Subscribe to the Non-Human & AI Identity Journal

How should organisations reduce risk from contractors, vendors, and service accounts?

They should manage all non-employee identities through a governed lifecycle with ownership, approval, expiration, and offboarding controls. The most effective programmes use a single identity record, clear sponsor accountability, and workflow-driven deprovisioning so access does not outlive the relationship that created it.

Why This Matters for Security Teams

Contractors, vendors, and service account often sit outside the normal employee lifecycle, which is exactly why they become persistent risk concentrations. Access is commonly created for a project, integration, or support need, then left in place after the business relationship changes.
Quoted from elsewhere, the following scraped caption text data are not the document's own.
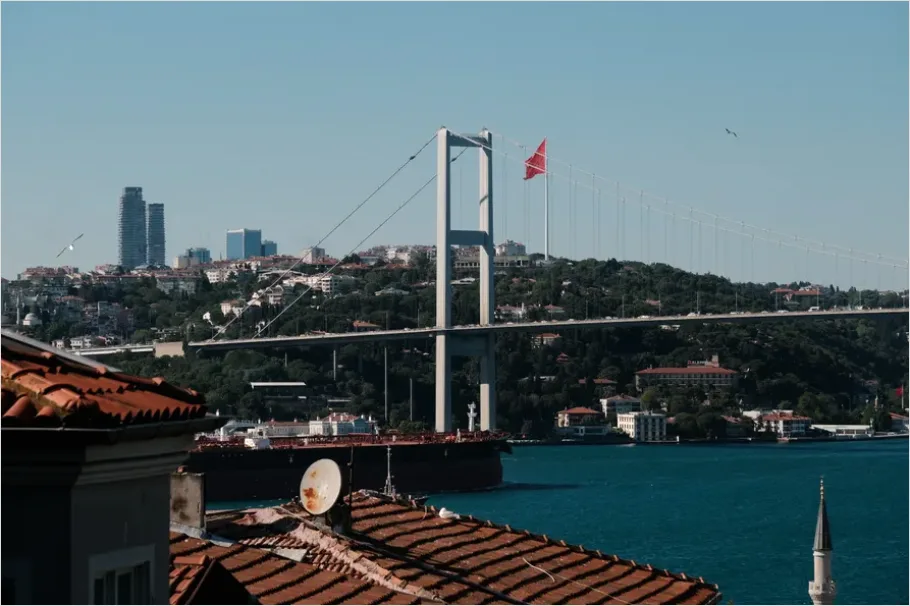 Detail Suspension Bridge City Skyline Photo Number 2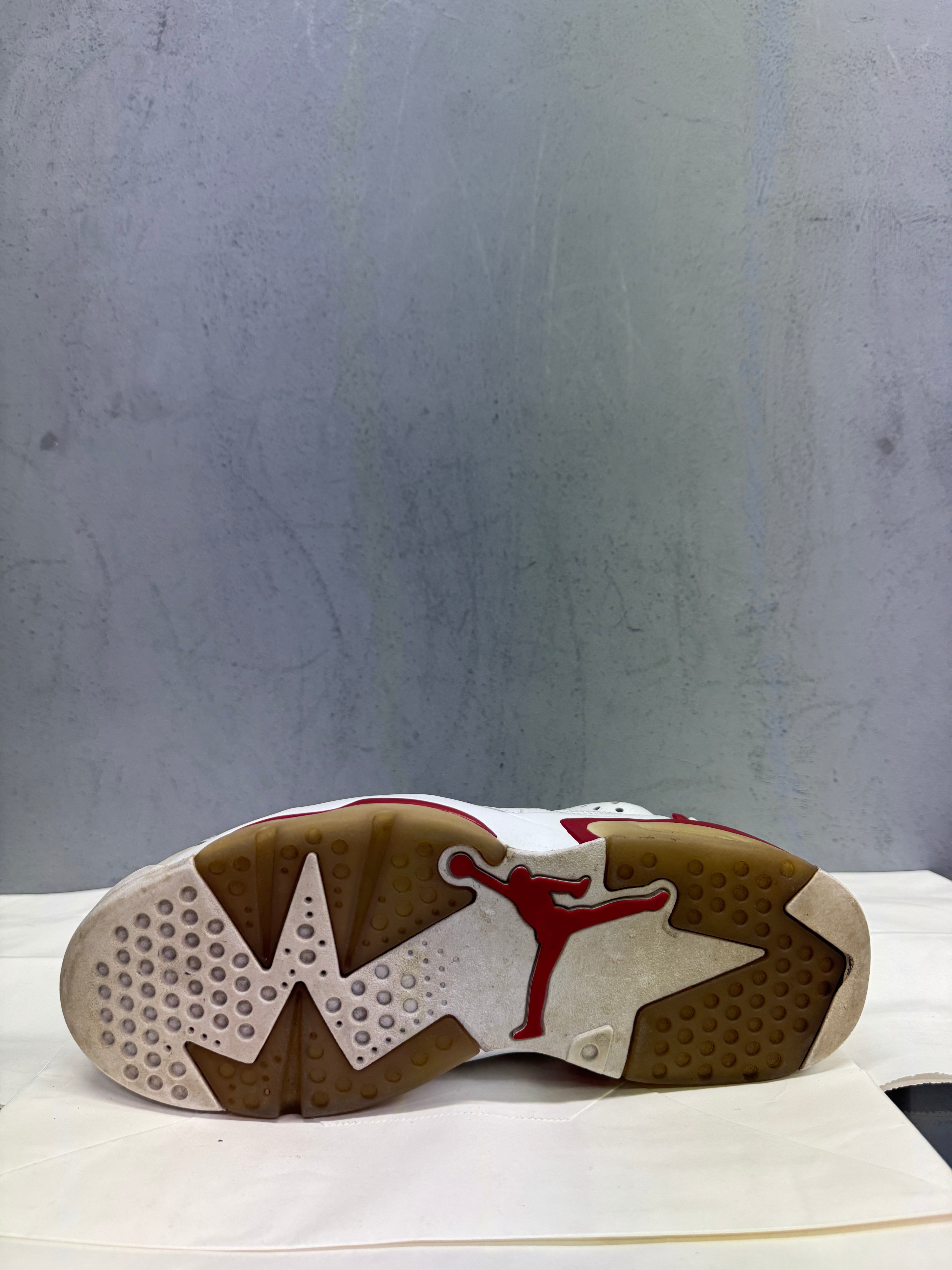 Used Jordan 6 Retro Alternate Hare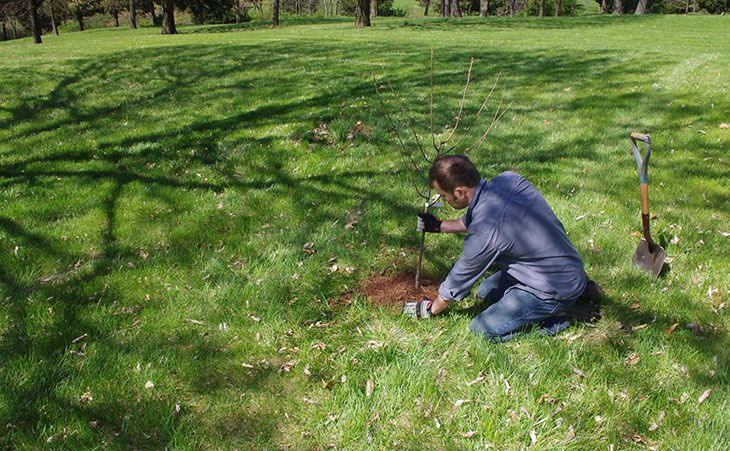 The Best Time to Plant - Stark Bro's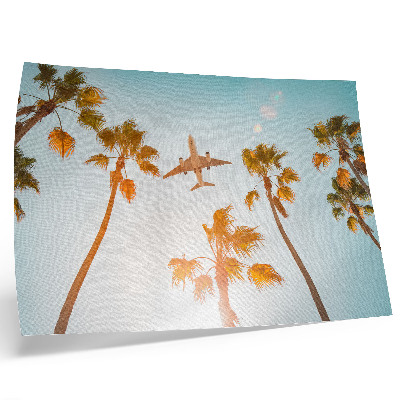 Póster Avión palmeras cielo azul clima tropical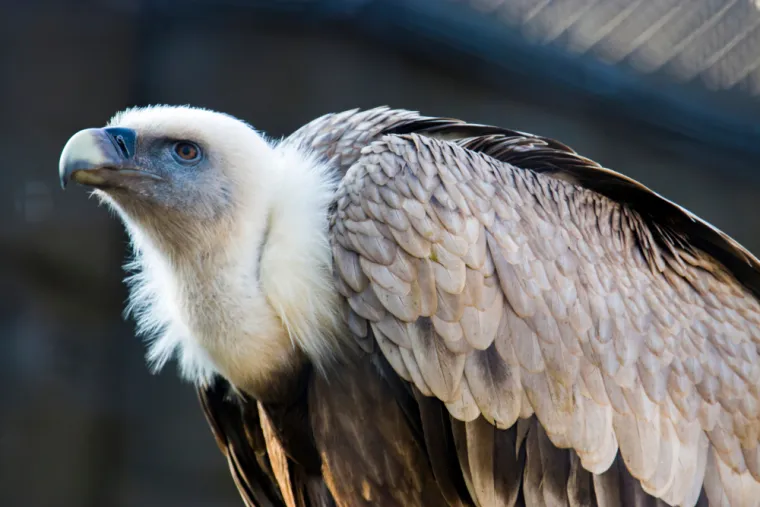 Dokažite se kao poznavatelj ptica koje nastanjuju hrvatsku prirodu: Koliko ste ih prepoznali?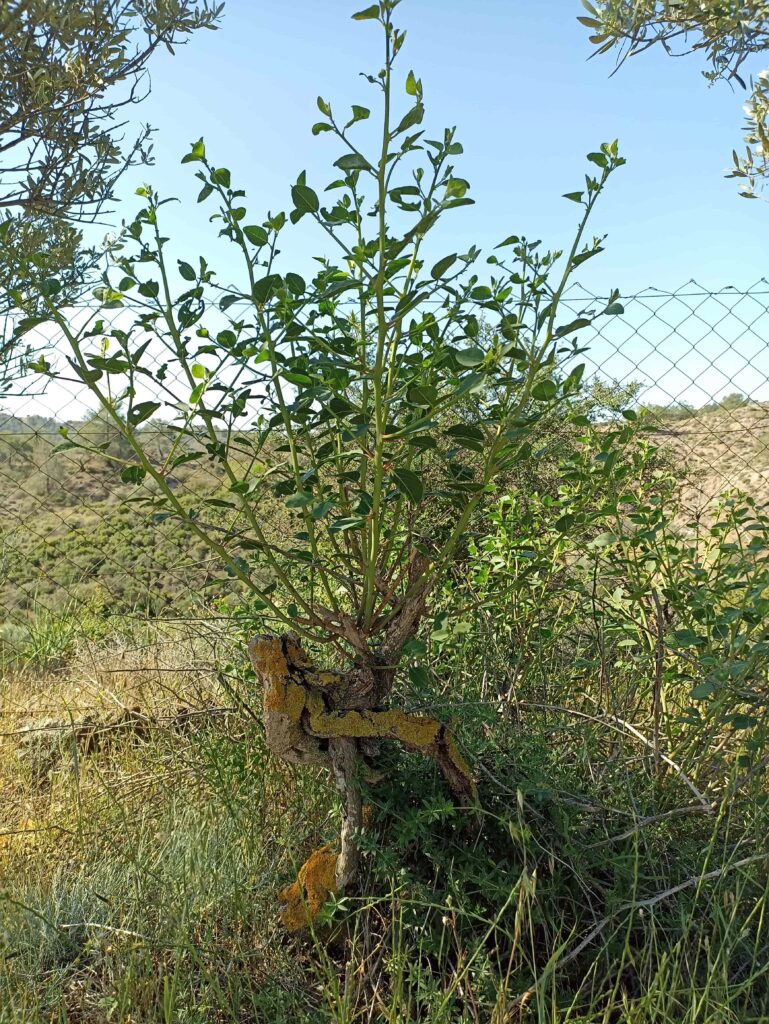 Θάμνος κάπαρης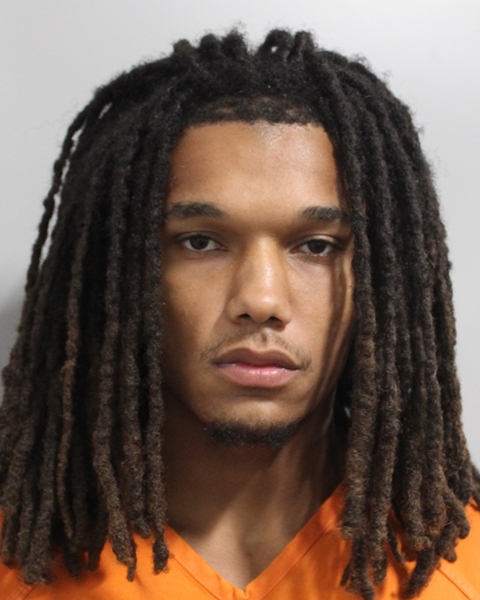 Booking photo of Guiseann Mirtil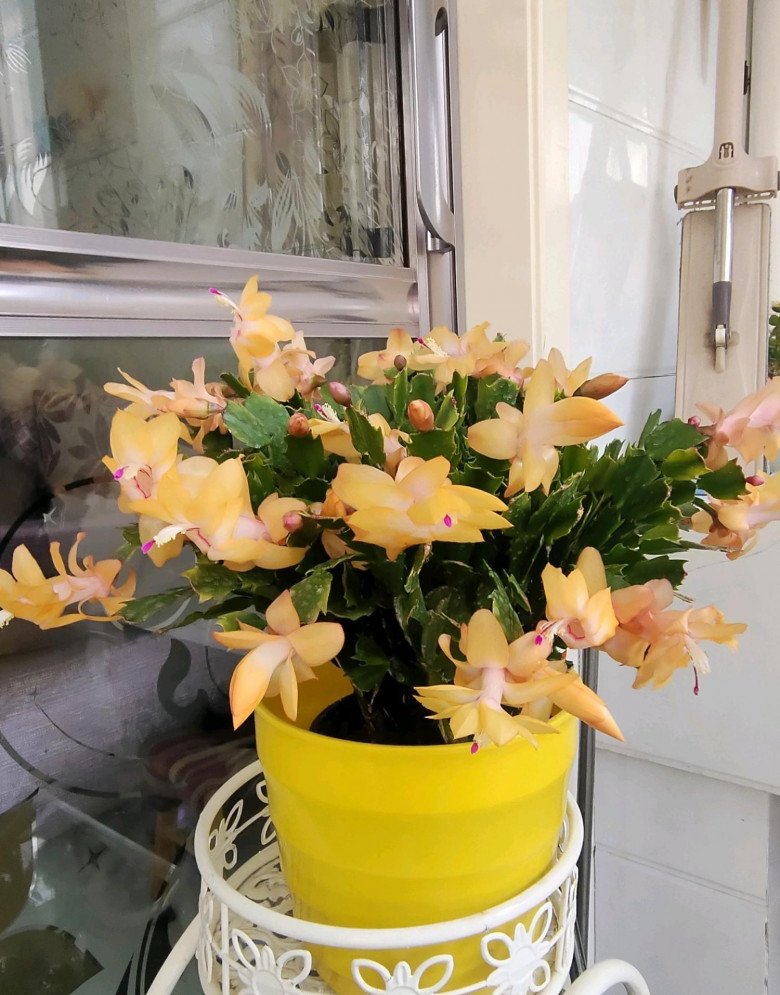 Cây cảnh vạn lượng vàng”, nghe tên đã thấy giàu sang phú quý, người lười” cũng trồng được-1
That gap is visible in the data: NHI Mgmt Group’s Ultimate Guide to NHIs notes that only 20% of organisations have formal offboarding and revocation processes for API keys, while 97% of NHIs carry excessive privileges.

The governance problem is not just inventory. It is ownership, expiry, and accountable removal. NIST Cybersecurity Framework 2.0 reinforces that identity risk must be managed as a lifecycle control, not a one-time approval. In practice, teams that rely on shared spreadsheets, ticket notes, or platform-specific exceptions lose track of who owns access, why it exists, and when it should be removed. In practice, many security teams encounter dormant vendor access only after an audit, incident, or failed offboarding has already exposed the gap.

How It Works in Practice

The strongest programmes treat every non-employee identity as a governed record with a sponsor, business purpose, expiration date, and removal workflow. That applies to human contractors as well as machine-facing identities such as service accounts, API keys, and certificates. The key is to keep one authoritative identity record per subject so approvals, entitlements, and revocation status are visible in the same place.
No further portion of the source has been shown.